The Common Denominator: Sexism

When these patterns turn into rigid rules that everyone must follow, sexism appears.

Sexism simply means:

assigning value, ability or limitation to a person solely because of their sex.

Sexism harms not only women.
It harms both sexes, because it restricts human freedom.

Examples include:

  • the man “must” be tough

  • the woman “must” be gentle

  • the man “must” fight

  • the woman “must” care

Yet human nature is far richer than these molds.


The Modern Challenge

Over the past two centuries, with the spread of education, rights and scientific thought, societies have begun to question these stereotypes.

The challenge today is not to replace patriarchy with another form of dominance.

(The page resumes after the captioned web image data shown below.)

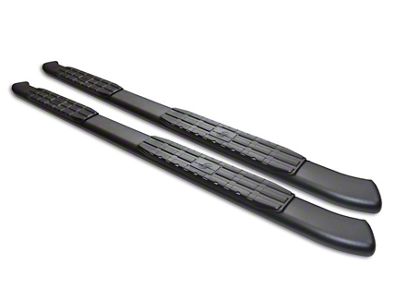 4X Series 4-Inch Oval Side Step Bars; Rocker Mount; Stainless Steel (07-13 Silverado 1500 Extended Cab, Crew Cab)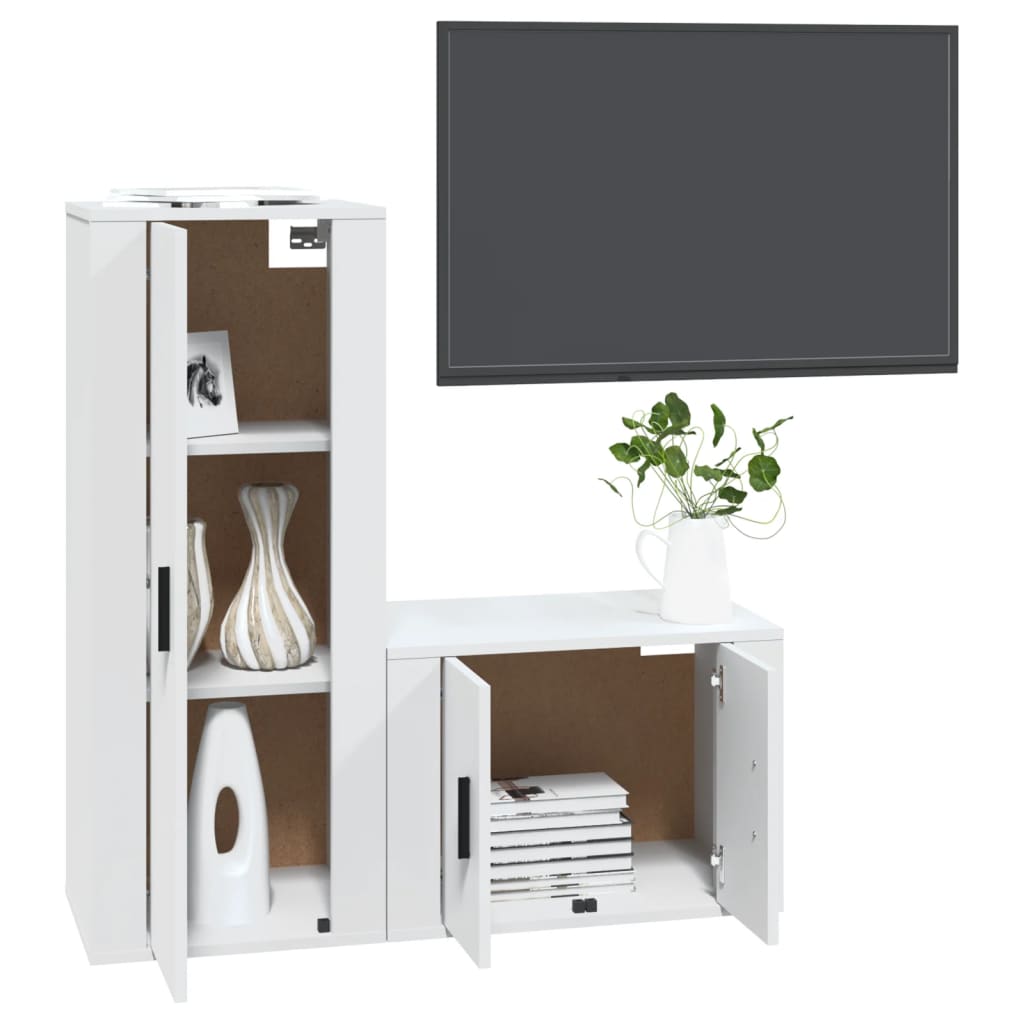 vidaXL Set de muebles de TV 2 piezas madera contrachapada blanco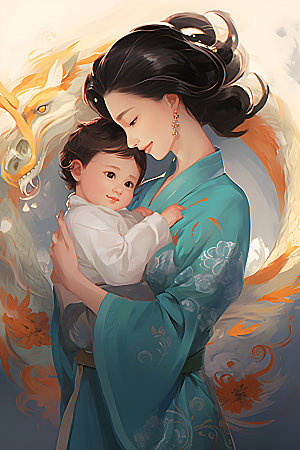 龙和母亲孩子十二生肖大气插画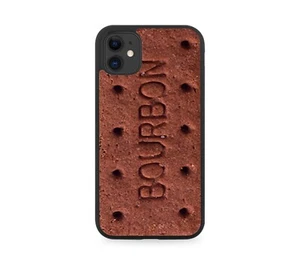 Bourbon Biscuit Rubber Phone Case Funny Cool Retro iPhone Cover Novelty Brown - Picture 1 of 2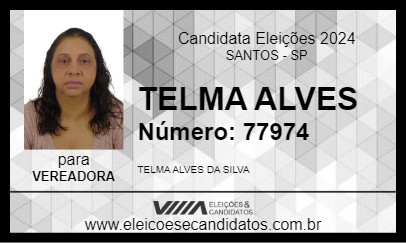 Candidato TELMA ALVES 2024 - SANTOS - Eleições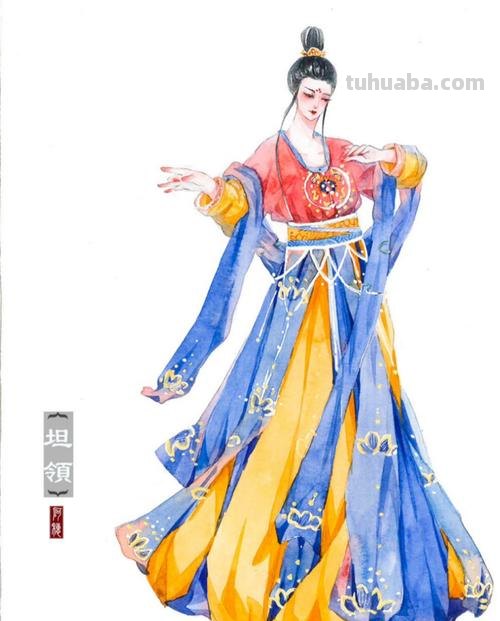 AI绘画国风美女青蓝色服饰第3组，可作为现代汉服设计的思路哦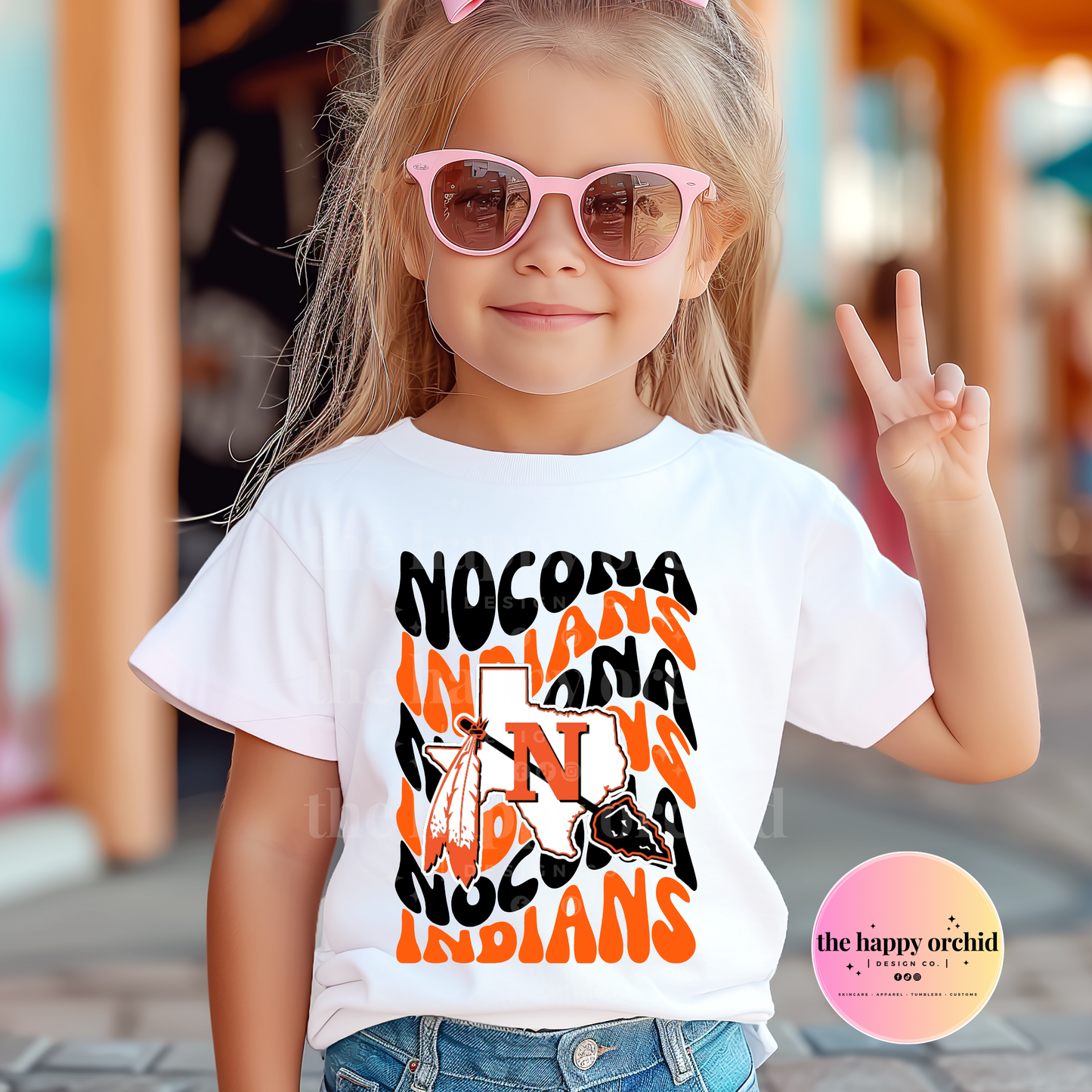 Youth NOCONA INDIANS Retro Wave Top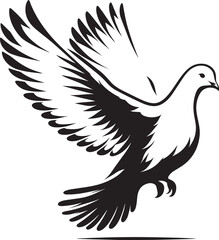 Beautiful Dove bird flying Silhouette vector illustration isolated on a white background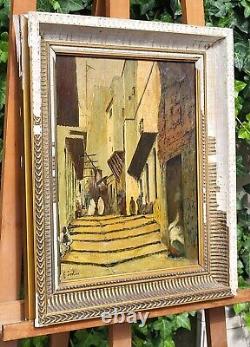 PORTER. Orientalism THE CASBAH of ALGERIA Oil painting on wood panel signed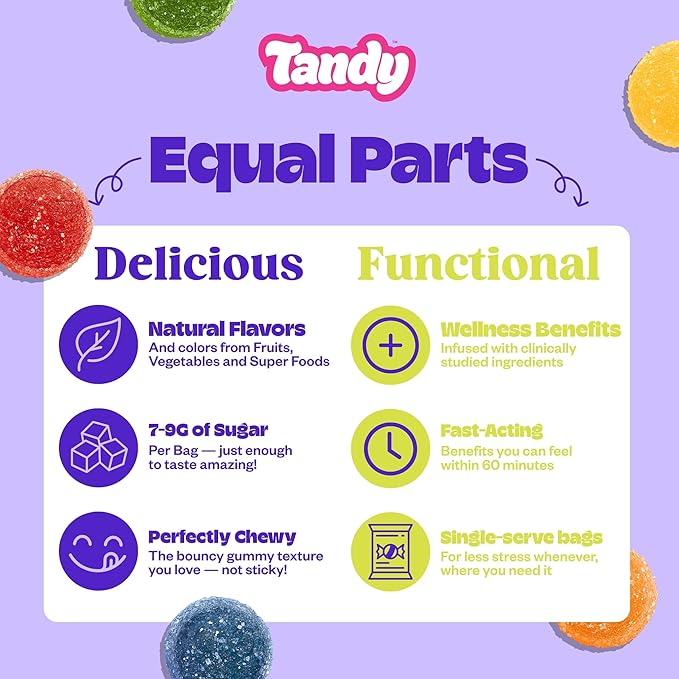 Tandy Stress Heads GABA Amino Acids Gummies I Perfectly Sour Fruit Faves Flavor Gummies Helps Support Stress Relief I Gluten-Free Fast-Acting Dietary Supplement Gummy I 6-Pack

The challenge is simpler and deeper:

to see the human being before the gender.

That means:

  • seeing the man as a human capable of both strength and tenderness

  • seeing the woman as a human capable of creativity and determination

  • recognizing every individual as a unique personality


The Meaning of the Day

If March 8 has a real meaning, perhaps it is not to celebrate one sex against the other.

It is to remember something simpler and more demanding:

that the human being exists before the roles society imposes upon them.

As societies move beyond the stereotypes of exaggerated masculinity and constructed femininity, they move closer to a more mature form of coexistence.

And perhaps then such “days” will cease to be reminders of injustice and become simply celebrations of the human being.